# How can cryptography be attacked?
If you are trying to figure out a secret message (or a password), there are several ways to try to figure out 
the key.

## Brute Force Attacks
> A **brute force** attack is an approach where you try every possible key.

Brute force attacks can be effective if keys are small, or if it is not the case every character in the ciphertext depends on all of the 
bits of the key.

So, for example, if your password (e.g., an ATM pin) is composed of 4 decimal digits, it is relatively easy to 
generate all possible passwords.

How many such passwords are there?
The code below shows how to generate all such passwords.



In [None]:
# Compute the number of 4 digits passwords
count = 0
for i in range(0,10):
    for j in range (0,10):
        for k in range (0,10):
            for l in range (0,10):
                print(str(i)+str(j)+str(k)+str(l))
                count=count+1
print("Total number of 4 digit passwords = "+str(count))

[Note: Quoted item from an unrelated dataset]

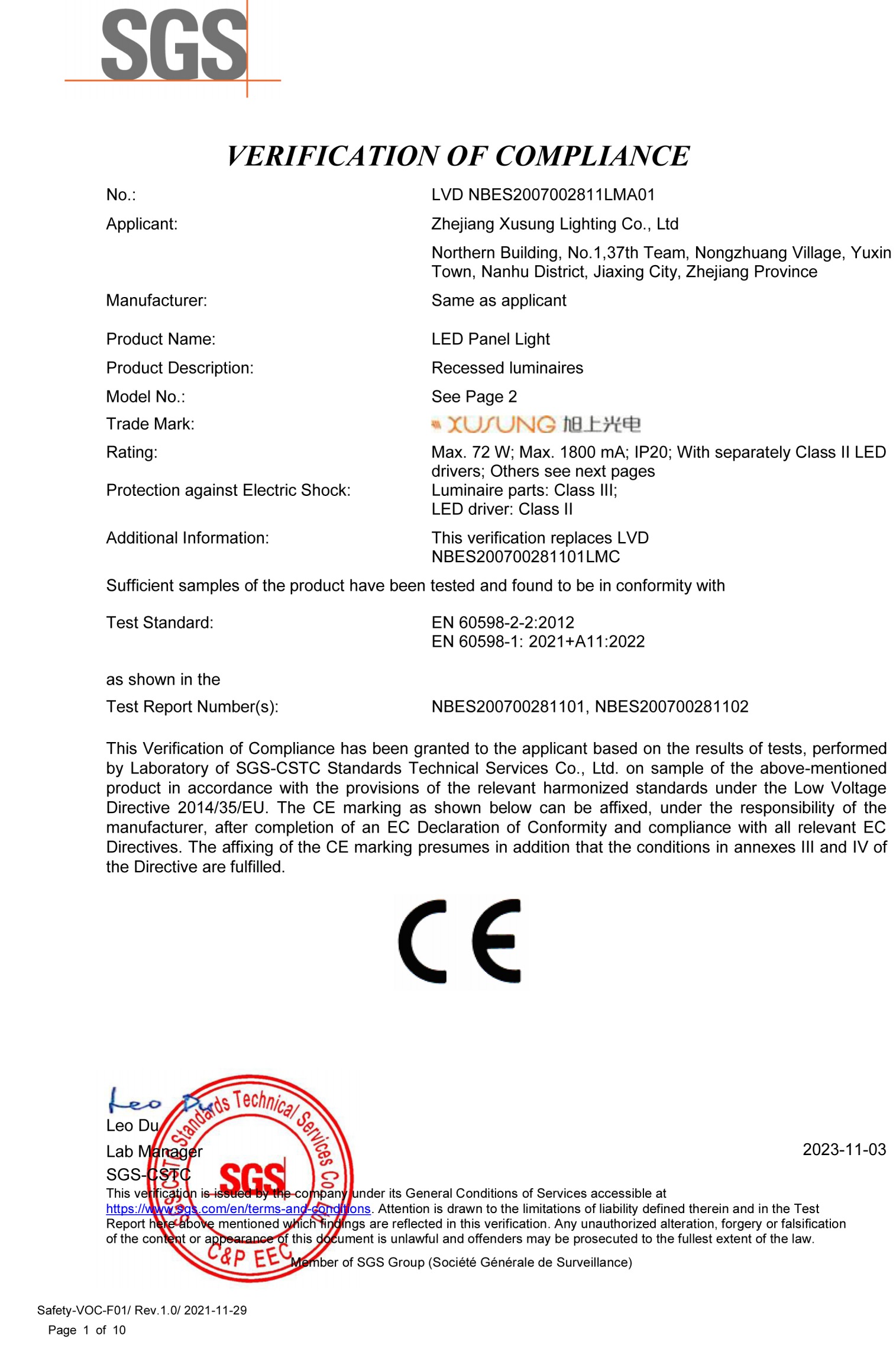 SGS-CE LVD Certificate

> System administrators recommend long and diverse (in terms of types of characters) to avoid brute force attacks.


## Dictionary based attacks
Another way to find the key is to assume that the password is composed of one or more words from the dictionary.
A typical English dictionary contains 100,000-170,000 words.    However, the number of common words (and names) is much smaller.    

If a dictionary contains 60,000 words, how many possible passwords formed by one or two words 
from the dictionary are there?

The code below gives the answer.

In [None]:
dictionary_size = 60000
one_word_keys = dictionary_size
two_word_keys = dictionary_size * dictionary_size
print("Total number of keys formed by one or two words from the dictionary = "+str(one_word_keys+two_word_keys))

This is a big number, but a computer can try all of these in a matter of seconds!

## Frequency Analysis
Often, figuring out the key may be hard if we don't know what the answer should be from the result of decrypting the 
*ciphertext*.   However, if we make some assumptions about the data being encrypted, we can make a good guess when we've
found the key.

The general approach is **frequency analysis.**   We can examine the frequency of certain letters and digits in text to
see whether **is close** to what we'd expect from English.

Let's examine a standard English text ... the play "Measure for Measure" from Shakespeare.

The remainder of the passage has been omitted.